In hindsight, length of time is perceived as change in world view. The more
your mental state has changed in a given period of time, the longer it seems.
The reason the decade from 5 to 15 seem so much longer than 55 to 65 is
because of the drastic changes in your world view that occur during childhood.
It's the same reason not a lot of 5 year olds are friends with 15 year olds,
yet I imagine most 55 year olds can be good friends with most 65 year olds.

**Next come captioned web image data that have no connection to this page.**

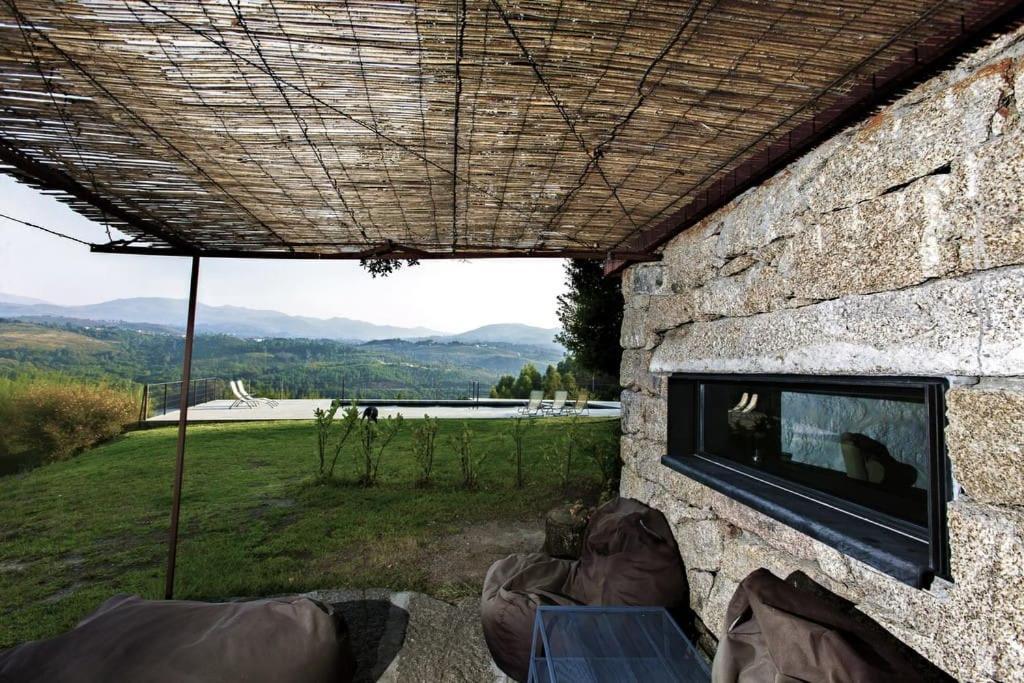 Casa Do Lagar - Sobrenatura Ecoturismo Arcos de Valdevez Luaran gambar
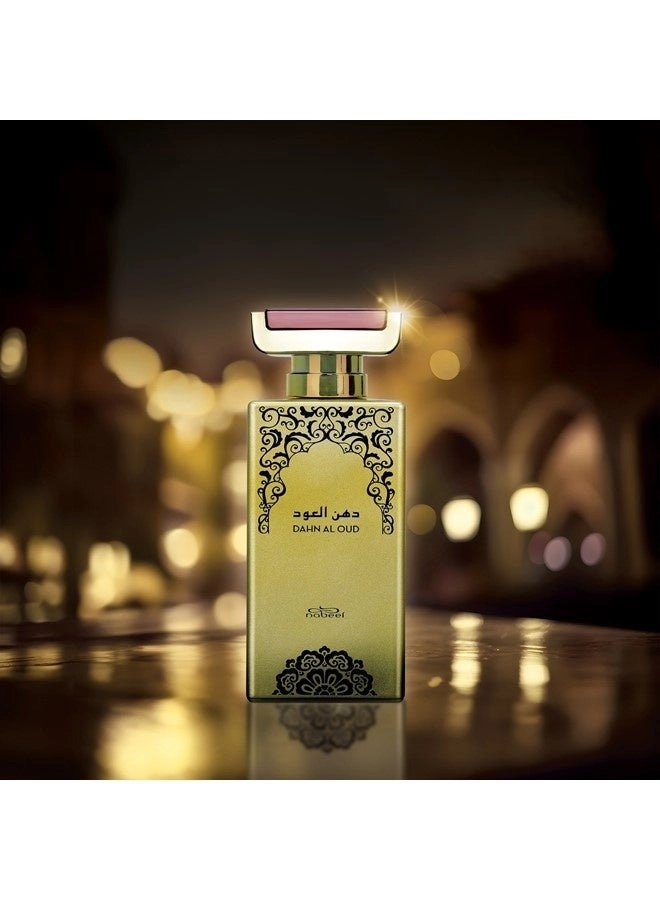 Dahn Al Oud Amiri Eau de Parfum 100ml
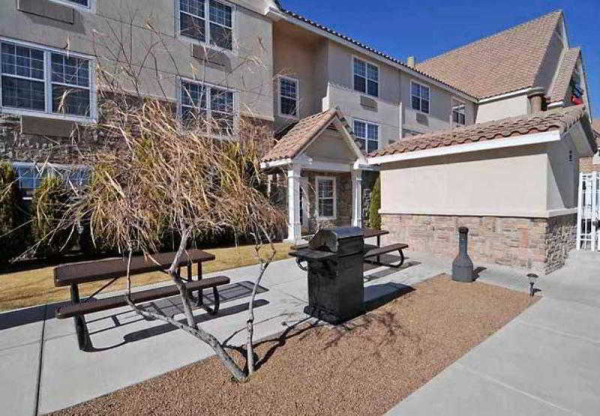 Las mejores ofertas de TownePlace Suites Las Cruces Las Cruces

This hypothesis would predict several micro and macro phenomena which are
testable:

For the micro scale, two groups of subjects are placed into an environment
with no way of tracking time (no windows, no clocks) for a month. The control
group is provided with books/TV shows/news programmes of their choice, asked
to pick ones that they've read/seen and enjoy. The test group is asked to pick
books/programmes they think they'll enjoy, but have never read or seen. After
about a week, notable events are planned - maybe the light bulb burns out, or
the sheets are changed to ones which are bright red, or maybe the food in the
cafeteria changes. At the end of the month, the person is asked to estimate
the amount of time that passed between certain events. If the hypothesis is
correct, the control group should perceive less time having passed between the
events compared to the test group.

For the macro scale, my theory would predict people with monotonous,
repetitive, jobs to experience the effects of "time passes faster with aging"
more than those which expose them to new phenomena. So a Java-only career
engineer will experience the effect more than someone who spends time learning
new languages.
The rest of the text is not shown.